*EXERCISE REQUIREMENTS*.
Wherever the listing holds a picture, leave it out, and copy the remainder exactly.

*INFORMATION PROVIDED*.

Segment Open

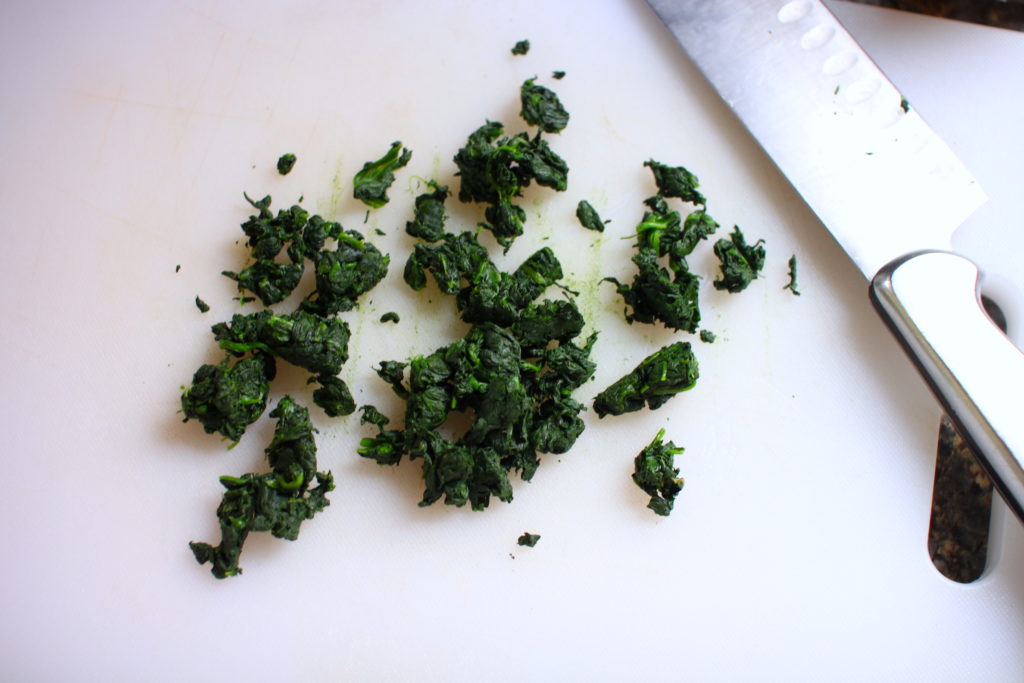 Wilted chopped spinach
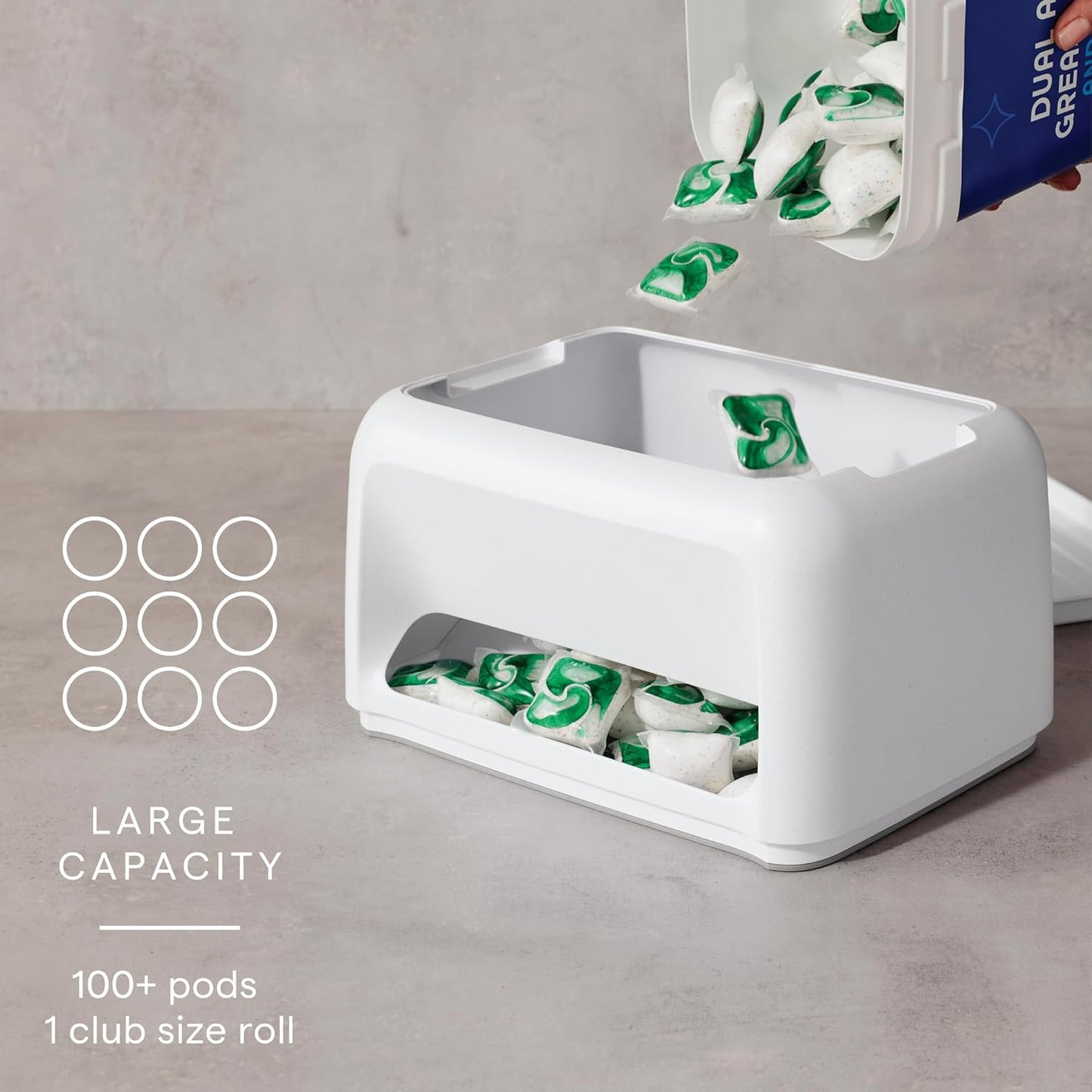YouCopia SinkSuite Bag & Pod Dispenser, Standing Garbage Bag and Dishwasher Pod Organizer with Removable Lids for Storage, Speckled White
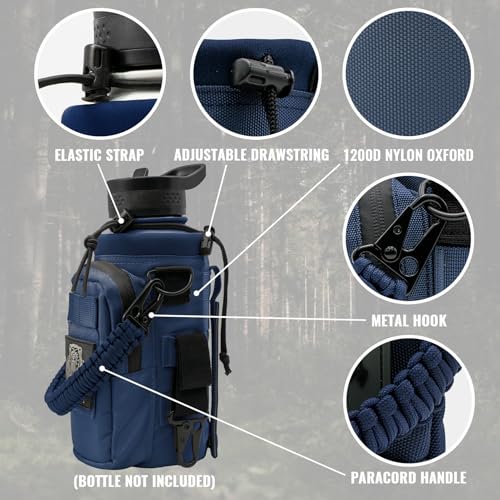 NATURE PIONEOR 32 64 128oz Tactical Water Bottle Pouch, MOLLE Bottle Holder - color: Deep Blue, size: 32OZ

Segment Closed

*ANSWER TO THIS PROBLEM*.
 Wilted chopped spinach
YouCopia SinkSuite Bag & Pod Dispenser, Standing Garbage Bag and Dishwasher Pod Organizer with Removable Lids for Storage, Speckled White
 NATURE PIONEOR 32 64 128oz Tactical Water Bottle Pouch, MOLLE Bottle Holder - color: Deep Blue, size: 32OZ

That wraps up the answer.